■ **WORK ITEM**
Find the line with "1507-716 The West" in the entries below, then reproduce it and every line after it down to and including the line with "Building Photo - 4937 Silver Crest Dr", exactly.

■ **INPUT DATA**
☆ ☆ ☆ ☆ ☆

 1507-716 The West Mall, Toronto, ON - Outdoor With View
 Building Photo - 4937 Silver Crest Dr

☆ ☆ ☆ ☆ ☆

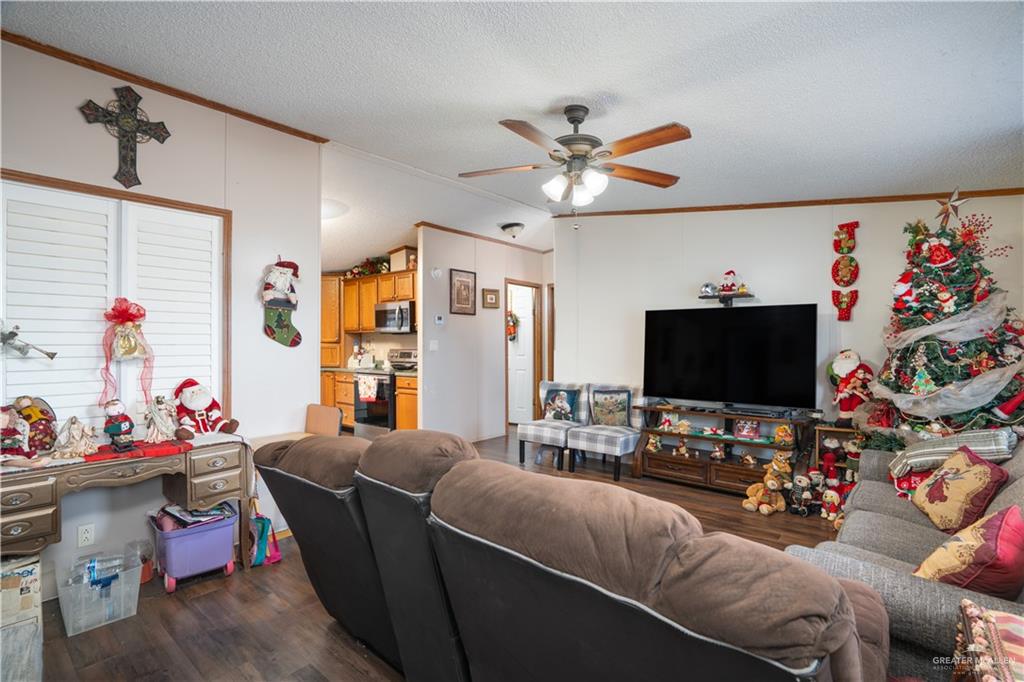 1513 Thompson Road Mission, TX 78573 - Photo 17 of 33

☆ ☆ ☆ ☆ ☆

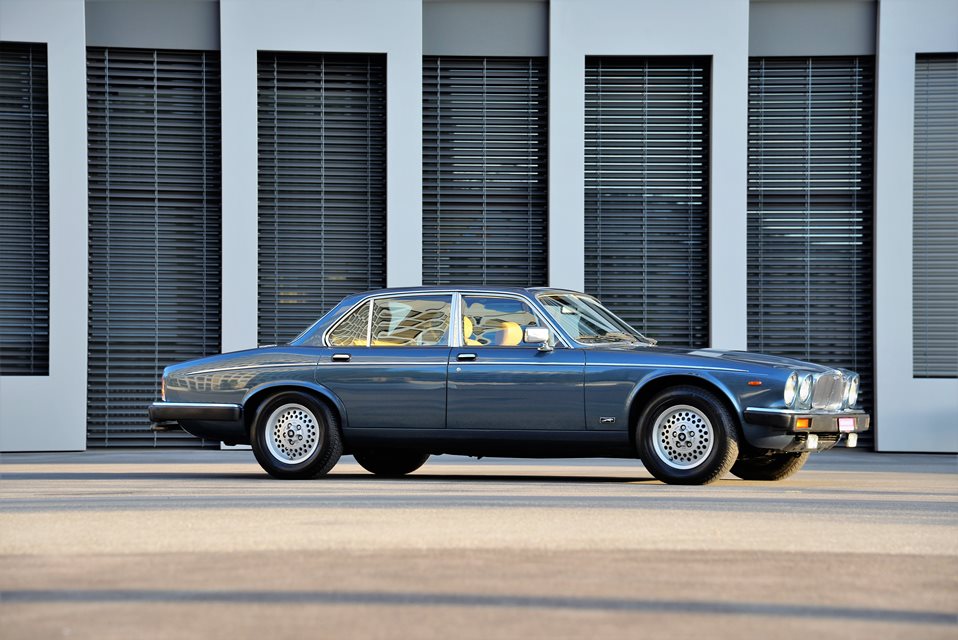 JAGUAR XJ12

☆ ☆ ☆ ☆ ☆

■ **ANSWER**
 1507-716 The West Mall, Toronto, ON - Outdoor With View
 Building Photo - 4937 Silver Crest Dr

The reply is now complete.